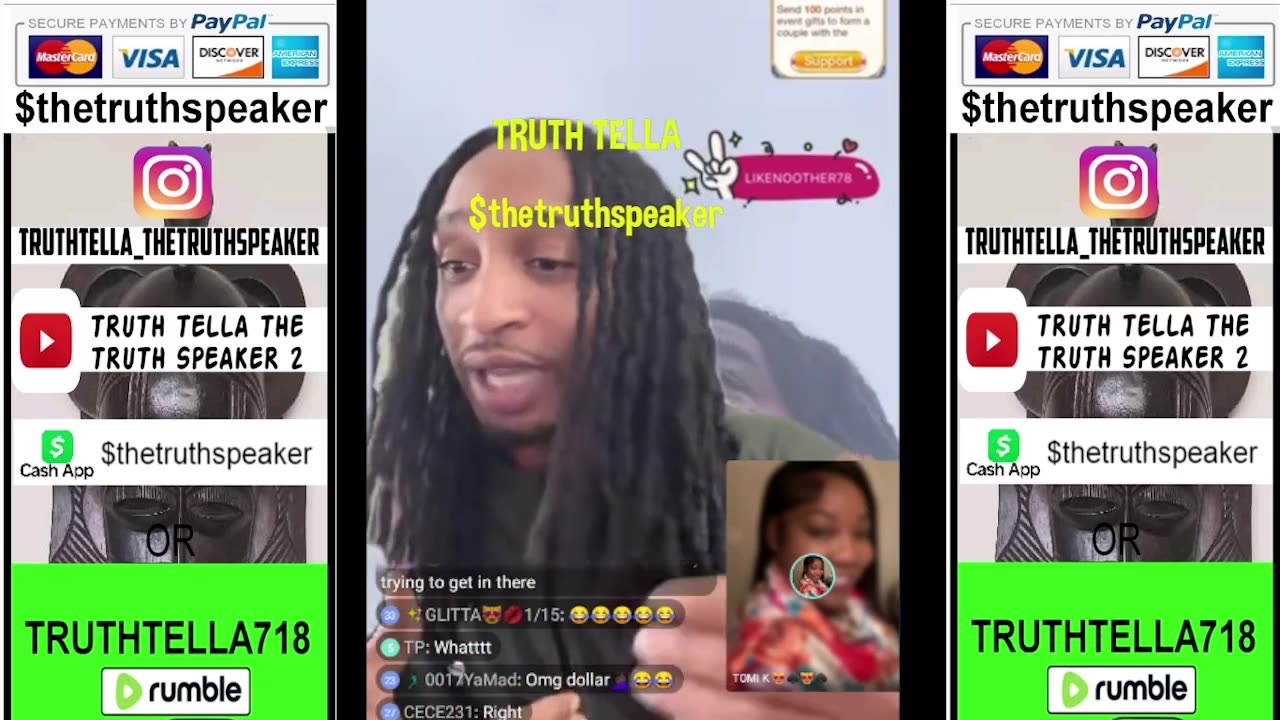 QUEEN TOMIKAY JOINS DOLLA BILL LIVE WHILE HE EXPOSES LIKENOOTHER STILL SQUATTING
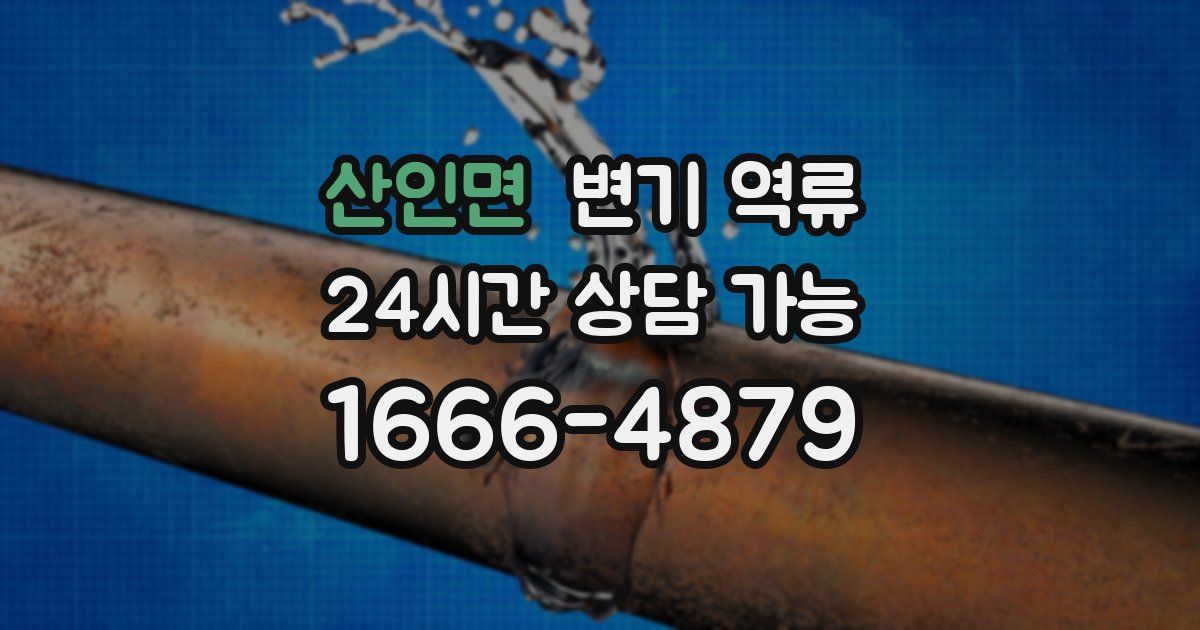 산인면 변기 역류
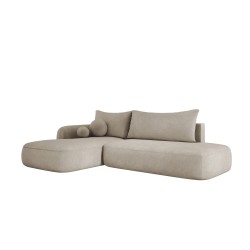 BABU Free-Standing L-Shaped Left Corner Sofa in CLOUD 03 Fabric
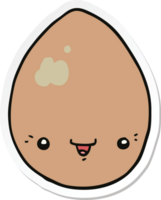 sticker of a cartoon egg png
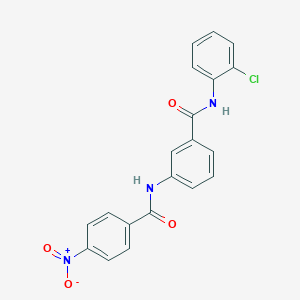 molecular formula C20H14ClN3O4 B3441183 N-(2-chlorophenyl)-3-[(4-nitrobenzoyl)amino]benzamide 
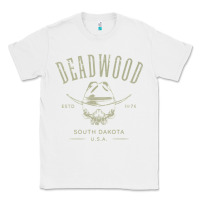 White deadwood south dakota usa distressed skull design souvenir premium t s Classic Tee - StudioElite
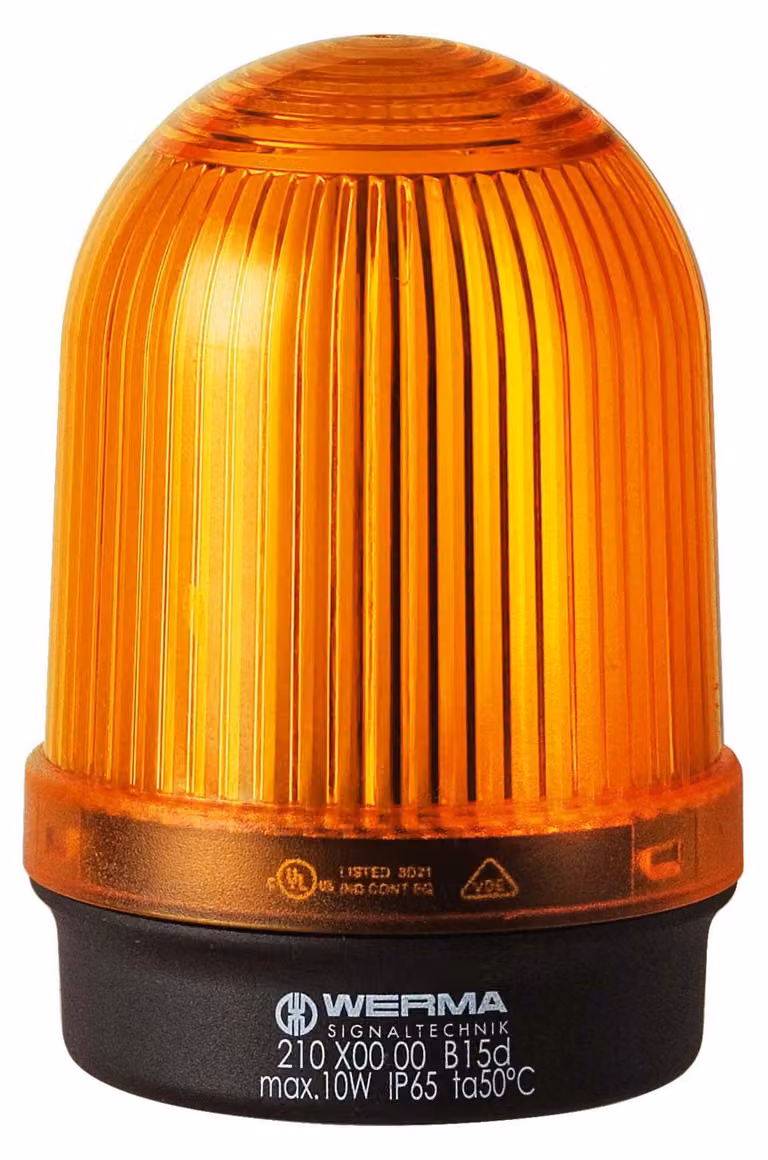 Luce fissa 12-240V ge - Lampada continua gialla 1W 230V 21030000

• [Directions for this task]
Repeat the line that contains "White deadwood south" and each line after it, through the last line of the listing, exactly and alone; pictures stay out of the repeat.

• [Worked solution]
 White deadwood south dakota usa distressed skull design souvenir premium t s Classic Tee - StudioElite
 Luce fissa 12-240V ge - Lampada continua gialla 1W 230V 21030000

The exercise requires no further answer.